The
Spitfire
Bonanza
A
strange party of Kentuckians pass
through the valley, led by a stern matriarch who instills a credo in her young’uns, “we’uns
ain’t like them.” She is keen to hold her own in a fight, “you
ain’t never seen killin’ till you kill one
o’ us.”
One of her sons
“ain’t right in the head” since his wife was killed on the
prairie a month before by “a pretty little feller” like Little Joe,
who killed his brother in self-defense when the man was clearing land by
burning without a thought for the valley. The dead man’s daughter vows
vengeance from her kinfolk (who shortly arrive), and is cared for on the
Ponderosa.
Ben offers a
valley of sweet water and grass, with cattle and horses, for an end to killing,
but it breaks out again and the matriarch swears war on the Cartwrights.
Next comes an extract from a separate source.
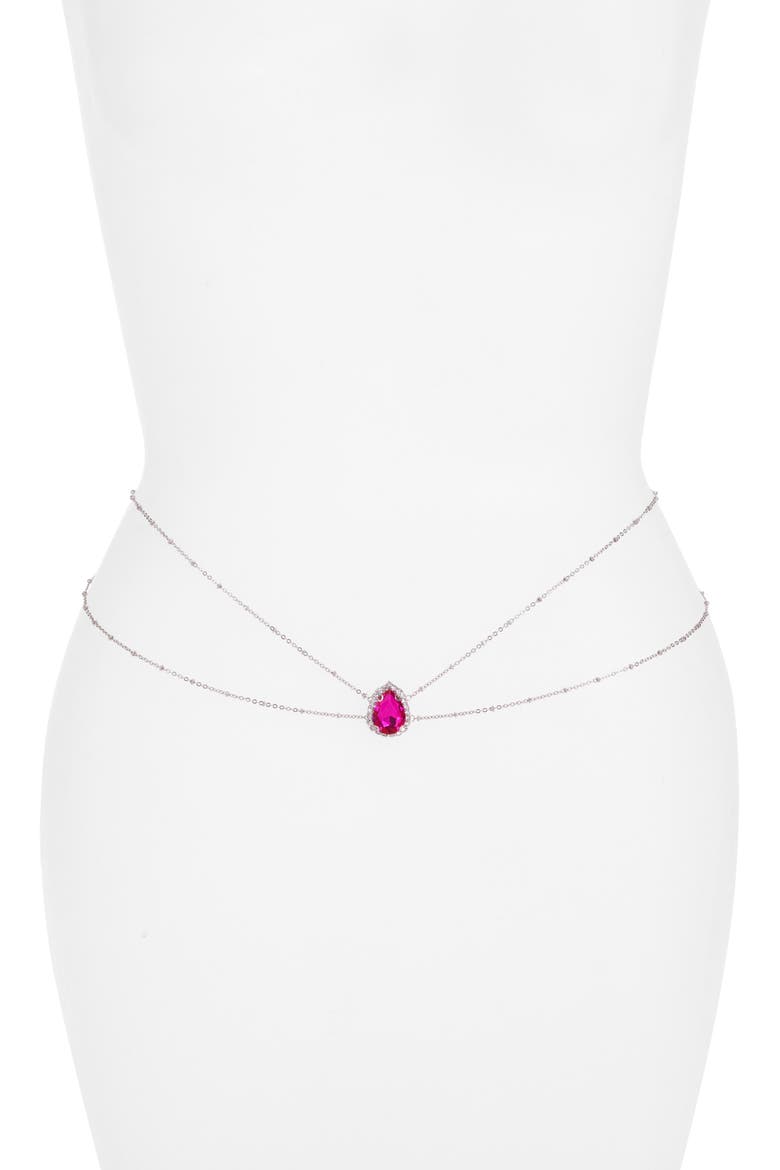 Heart of the Ocean Belly Chain, Main, color, PINK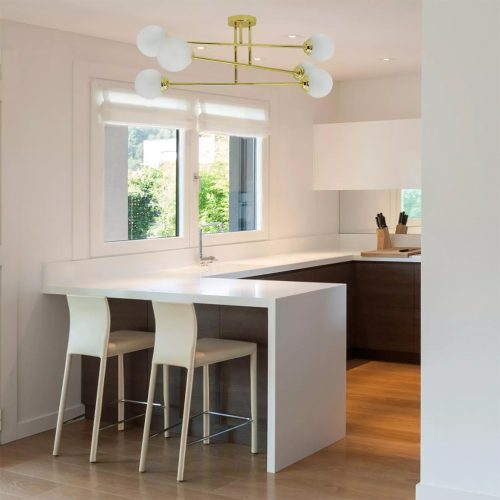 Mennyezeti függesztett lámpa 6xE27 csillár üvegernyők GOLD PALLE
Her
children and grandchildren have had enough, her dead sons were backshooters,
her granddaughter tells her what nice things the Cartwrights have, she asks Ben
for a look.
The Rescue
Bonanza
“Up on the
mesa” overlooking a box canyon, two hundred head of cattle are pastured
by rustlers waiting for their partner and his sons. The Cartwright boys are
bushwhacked in the canyon and pinned down, Hoss is wounded in the leg.
The family live just
inside the Ponderosa line, ignored by Ben till he finds them with a steer hide
belonging to him, they didn’t ask. He’s beaten for his trouble,
says nothing, but the boys tell him to take it easy at his age, they’ll
scout the high country after the rustlers they’ve been plagued with.
Ben rides out
next morning, finds the standoff. The partner comes down under a flag of truce,
he has a casualty, “ain’t all the cattle in Nevada worth one of our
boys.” Dinner is served at the Ponderosa, the rustlers are loaned horses
for a trip to the sheriff in Virginia City.